Improvement of corporate governance in Sungara Energies Limited and the Group is a key factor for strengthening their sustainability and enhancing the effectiveness of their activities. The Company acknowledges that the growth of investment attractiveness, especially for foreign investors, is only possible in case of the maximum protection of shareholders’ rights.

The Group’s corporate governance policy aims to comply with the laws of the Russian Federation, and the relevant international standards, including the corporate governance principles of the Organization for the Economic Cooperation and Development.

For the purpose of corporate governance development and improvement, on November 2, 2015, the Company’s Corporate Governance Code was approved by the shareholders of Sungara Energies Limited. In accordance with the provisions of this Code, Sungara Energies Limited takes upon itself an extra responsibility and undertakes to ensure that its activities in corporate governance, including functioning of management and supervisory bodies, correspond to the higher requirements than those imposed by applicable law of the Russian Federation.

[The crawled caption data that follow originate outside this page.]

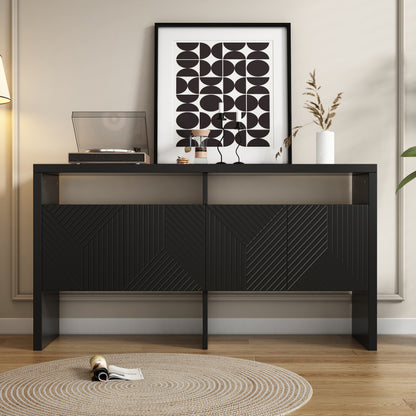 Kommode / Sideboard / Flurschrank mit 2 offenen Fächern und 4 Türen, Schwarz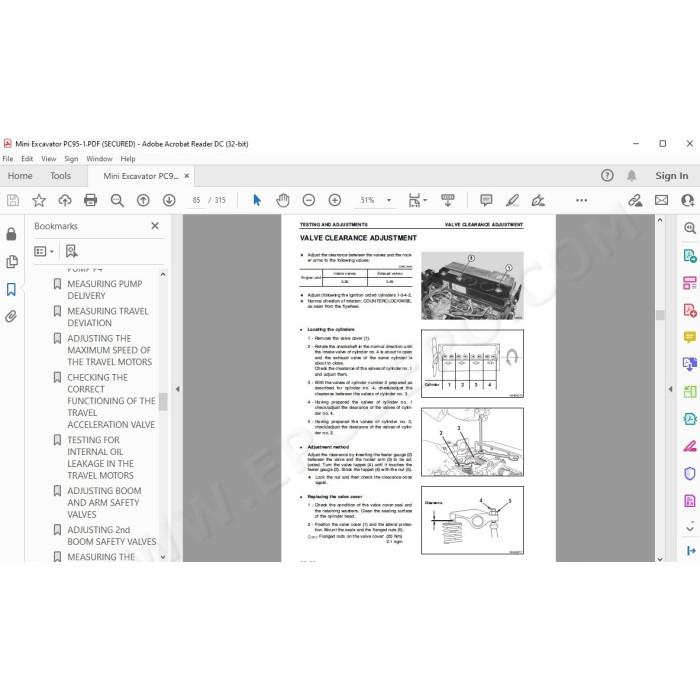 Komatsu Mini Excavator PC95-1 service & repair manual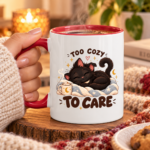 Too Cozy To Care Black Cat Accent Mug, Cute Sleepy Cat Coffee Cup, Cozy Cat Lover Gift, Funny Cat Mom Mug - Thumbnail Image 7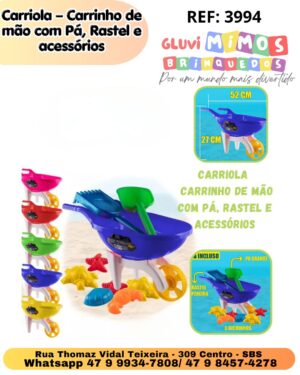 Carriola - Carrinho de mão com Pá, Rastel e acessórios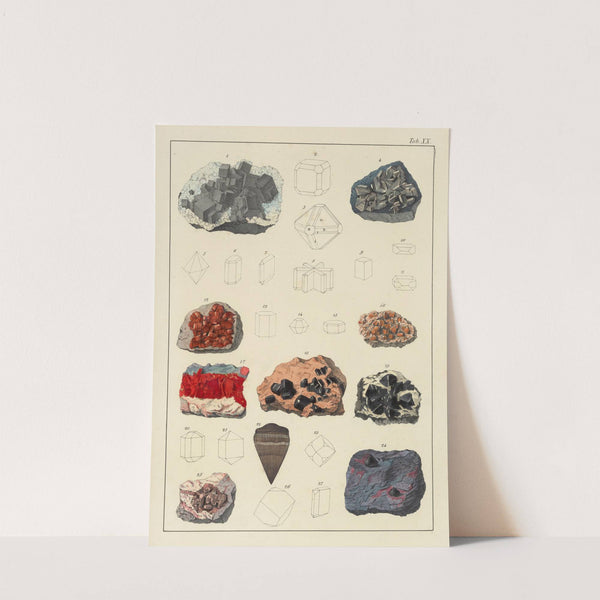 Plate XX: Galena, Cerussite, Anglesite, Pyromorphite, Molybdate, Chromate, Tin Ore, Zinc Ores by Johann Gottlob Kurr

Sungara Energies Limited adopted the following basic principles of corporate governance:

  • Enabling the shareholders to execute all their rights to the full extent;
  • Ensuring equal terms and conditions for all shareholders owning shares of the same class (category), including minority and foreign shareholders, as well as their equal treatment by the Company and enabling them to get efficient protection in case of violation of their rights;
  • Equal and fair opportunities to participate in the profits of the Company by means of receiving dividends;
  • Efficient control by the Board of Directors over operations of the Company’s executive bodies, accountability of the Company’s Board members to the shareholders;
  • Effective management of the Company’s daily operations by the sole executive body, solely in the interests of the Company and its shareholders, accountability of the sole executive body to the Company’s Board and shareholders;
  • Timely disclosure of full and reliable information about the Company, including financial condition, economic indicators, ownership and management structures, so as to enable the shareholders and investors to make timely and informed decisions in accordance with the applicable law;
  • Taking account of the stakeholders’ rights provided by law, including those of Company’s employees, and promotion of active cooperation of the Company and other participants of corporate relations, in order to increase the Company’s capitalization, price of shares and other securities of the Company, as well as to create jobs;
  • Effective control over financial and business activities of the Company in order to protect rights and legitimate interests of the shareholders;
  • Compliance with all the provisions of applicable laws of the Russian Federation;
  • Implementing ethical standards and rules into the Company’s operations;
  • Active interaction (cooperation) between the Company and its investors, creditors and other stakeholders in order to increase the Company’s assets, price of shares and other securities of the Company.

Dividend Policy

Shareholders of the Company have an equal and fair opportunity to participate in its profits through dividends. Complying with the best corporate practices and in order to implement a transparent and clear mechanism for determining the amount of dividends, the Company has developed its Dividend Policy. Dividend Policy of Sungara Energies Limited sets out all the terms governing the determination of the portion of the Company’s net profit to form dividend payments (including the procedure for determining the share of consolidated net profit to be allocated for the payment of dividends subject to statutory restriction on declaration and payment of dividends), the conditions under which they are declared, and the procedure for calculating the amount of dividends for each shareholder.